Une tornade s’est abattue sur ces groupes juifs américains. Toutes les organisations dont les membres avaient participé à titre individuel ont dénoncé ces réunions – toutes, à l’exception de Breira. Le fait que Breira ait continué à défendre les rencontres a incité l’AIPAC à qualifier le groupe d’« anti-israélien », de « pro-OLP » et de « juifs qui se haïssent eux-mêmes ». Pratiquement aucune organisation juive influente ne s’est opposée publiquement à ces dénonciations. Le congrès national de Breira en 1977 a été perturbé et vandalisé par des intrus qui ont laissé des tracts soutenant la Ligue de défense juive d’extrême droite. Breira a perdu des membres et des conflits internes ont conduit son principal donateur à retirer son financement. En 1978, Breira s’est éteint. Ainsi, grâce à un journaliste lié à l’AIPAC et à des fonctionnaires israéliens, un autre courant de désapprobation à l’égard des politiques israéliennes, parmi les Juifs américains, avait été supprimé.

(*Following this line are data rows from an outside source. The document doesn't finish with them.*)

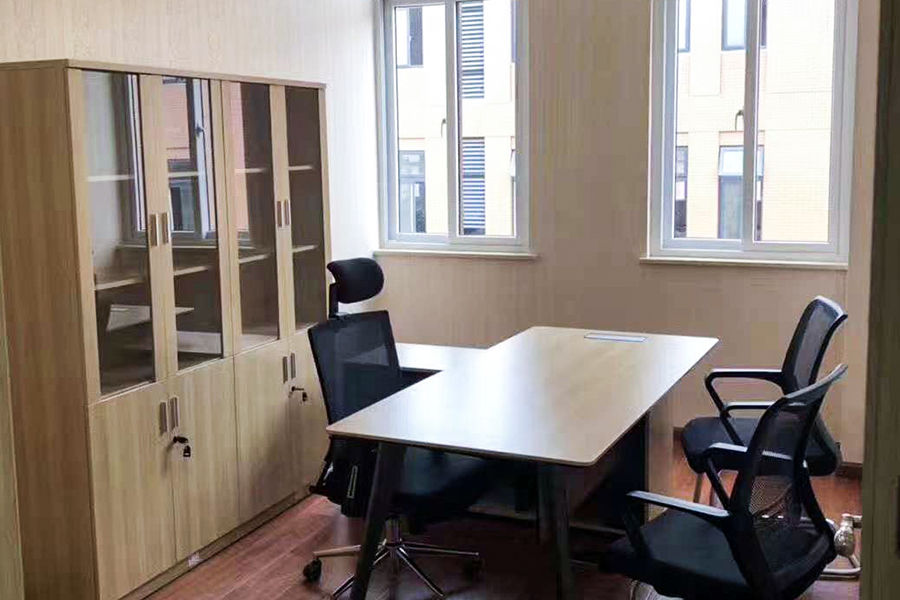 สภาพแวดล้อมในสำนักงาน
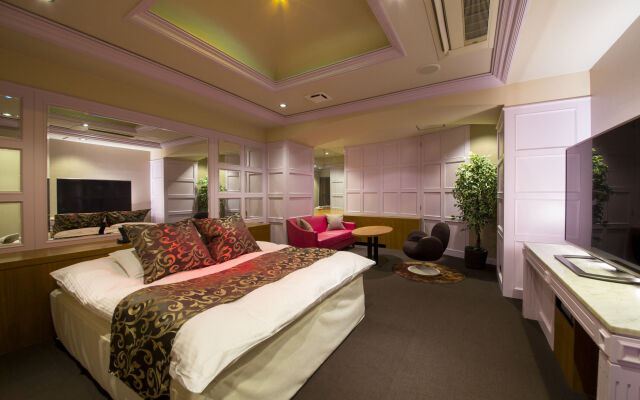 Hotel Beni Higashimikuni - Adults Only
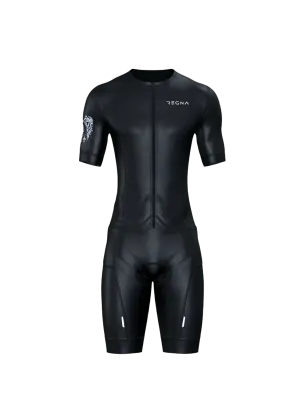 Men's Performance Trisuit Open Zip - RBL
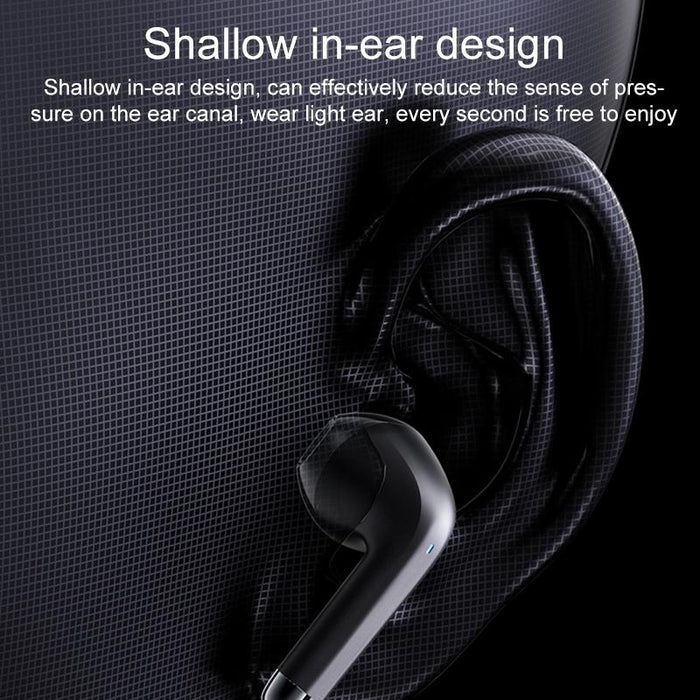 Tws Wireless Bluetooth 5.0 Earphone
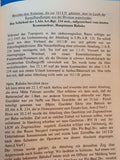 Von Potsdam zum Polarkreis und zurück. Der Weg der 163. Infanterie Division. Teil III (Rückzug und Untergang .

Bien que l’ouvrage de Geoffrey Levin ait été mis sous presse avant les attentats du 7 octobre, l’histoire occultée qu’il présente est devenue particulièrement actuelle [1]. Si la communauté juive avait été informée, sensibilisée, il y a plusieurs décennies, de l’ingérence d’Israël, « on aurait pu avoir des échanges plus approfondis », suppose-t-il, « ce qui aurait peut-être conduit à une moins grande gêne pour aborder des questions difficiles actuelles ».

Geoffrey Levin ajoute que « beaucoup de personnes très brillantes ont été exclues du courant principal de l’establishment juif américain » pour avoir débattu de questions qui sont aujourd’hui vivement relancées. La « question palestinienne » pour l’Amérique juive recevrait-elle des réponses plus convaincantes aujourd’hui sans les tentatives insidieuses d’Israël – il y a des années – pour faire taire ses détracteurs au sein de la diaspora des Etats-Unis ? « On peut se demander, a déclaré Geoffrey Levin, à quoi aurait ressemblé la communauté juive américaine si elle avait accueilli certaines de ces voix critiques. » (Article publié par le site The Intercept le 3 mars 2024 ; traduction rédaction A l’Encontre)


[1] Dans Le Monde daté des 3 et 4 mars 2024, les auteurs de l’article intitulé « L’UNRWA, l’agence de l’ONU, dans le viseur d’Israël » citent Mario Carera, membre du Parti socialiste suisse, ancien délégué du CICR en Israël-Palestine : “[En Suisse] avant même la crise le parlement a voté de justesse la contribution [en fait divisée par deux] financière de l’UNRWA. Il n’y a eu aucune marque de soutien à Philippe Lazzarini [commissaire général de l’UNRWA]. Des ONG qui font du lobbying contre l’UNRWA, comme UN Watch [basée à Genève], ont l’oreille de la droite souverainiste.” »

On pourrait ajouter : ces divers lobbyings, relayés directement au sein du parlement helvétique, ont aussi réussi à silencer les élu·e·s du PSS, placés sous la houlette de Samuel Bendahan, à l’exception plus qu’honorable de Carlo Sommaruga, élu genevois au Conseil des Etats. (Réd.)